Associate Justice Ruth Bader Ginsburg, who recently passed away at the age of 87 due to complications of metastatic cancer, will have a statue in her memory.
The announcement was made by New York Governor Andrew Cuomo on Saturday, one day after the passing of the iconic jurist, who said that the statue would honor Ginsburg's "life and legacy."
Late Supreme Court Justice Ruth Bader Ginsburg at the taping of "The Kalb Report" at the National Press Club in Washington, DC. | Photo: Alex Wong/Getty Images
A SYMBOL OF JUSTICE AND INTEGRITY
According to Cuomo, the statue will be built and placed in Brooklyn, her hometown, as a physical reminder of Ginsburg's contributions to the country and to serve as inspiration for future generations. He added:
"Justice Ruth Bader Ginsburg selflessly pursued truth and justice in a world of division, giving voice to the voiceless and uplifting those who were pushed aside by forces of hate and indifference."
Besides hailing the late 87-year-old's crucial role in gender equity and civil rights movements, Cuomo recalled how Ginsburg continued to work despite "several bouts of cancer."
The Supreme Court announced that a private interment service for Ginsburg will be held at Arlington National Cemetery.

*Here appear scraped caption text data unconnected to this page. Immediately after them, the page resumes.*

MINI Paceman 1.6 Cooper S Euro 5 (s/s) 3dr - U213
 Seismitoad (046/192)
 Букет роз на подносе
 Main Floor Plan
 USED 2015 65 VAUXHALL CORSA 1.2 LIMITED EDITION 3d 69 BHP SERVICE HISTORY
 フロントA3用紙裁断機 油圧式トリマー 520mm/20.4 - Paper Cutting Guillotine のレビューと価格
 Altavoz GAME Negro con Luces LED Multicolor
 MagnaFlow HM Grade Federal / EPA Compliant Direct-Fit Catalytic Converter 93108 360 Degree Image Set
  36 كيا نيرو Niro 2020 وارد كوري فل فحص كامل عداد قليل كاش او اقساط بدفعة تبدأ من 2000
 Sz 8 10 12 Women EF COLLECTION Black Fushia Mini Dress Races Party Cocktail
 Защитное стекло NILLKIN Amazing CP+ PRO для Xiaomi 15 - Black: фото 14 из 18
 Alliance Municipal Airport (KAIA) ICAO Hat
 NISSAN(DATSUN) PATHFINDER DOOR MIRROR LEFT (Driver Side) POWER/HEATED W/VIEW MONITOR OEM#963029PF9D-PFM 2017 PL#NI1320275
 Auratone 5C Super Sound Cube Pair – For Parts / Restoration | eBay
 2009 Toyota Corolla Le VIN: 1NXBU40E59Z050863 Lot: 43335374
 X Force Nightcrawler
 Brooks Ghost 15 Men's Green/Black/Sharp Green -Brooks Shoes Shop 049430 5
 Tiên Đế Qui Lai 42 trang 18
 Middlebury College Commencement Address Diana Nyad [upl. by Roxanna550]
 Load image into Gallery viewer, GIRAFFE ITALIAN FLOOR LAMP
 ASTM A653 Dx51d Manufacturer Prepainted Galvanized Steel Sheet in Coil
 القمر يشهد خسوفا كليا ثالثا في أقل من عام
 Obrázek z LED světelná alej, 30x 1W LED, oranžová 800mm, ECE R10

A LONG HISTORY OF HEALTH PROBLEMS
As aforementioned, the Justice lost the battle to metastatic cancer, but she never gave in to the disease. In fact, she refused to walk away from the Supreme court even while receiving chemotherapy treatment:
"I have often said I would remain a member of the Court as long as I can do the job full steam. I remain fully able to do that."
Ginsburg had a long history of cancer-related scares. In 1999, she underwent surgery for colorectal cancer and ten years later she was diagnosed with pancreatic cancer.
In late 2018, the Justice was learned that she had lung cancer and started receiving chemotherapy treatment for a recurrence of pancreatic cancer in July of 2020.
Former United States President Bill Clinton applauding Judge Ruth Bader Ginsburg after Supreme Court nominee's acceptance speech at the White House Rose Garden in Washington D.C. | Photo: Dirck Halstead/The LIFE Images Collection via Getty Images/Getty Images
REMEMBERED BY BILL CLINTON
According to the 74-year-old, Ginsburg was "one of the most extraordinary Justices ever to serve on the Supreme Court" and praised her for moving the country closer "to a more perfect union."
On Friday, the Supreme Court announced that a private interment service for Ginsburg will be held at Arlington National Cemetery. The date and time are yet to be revealed.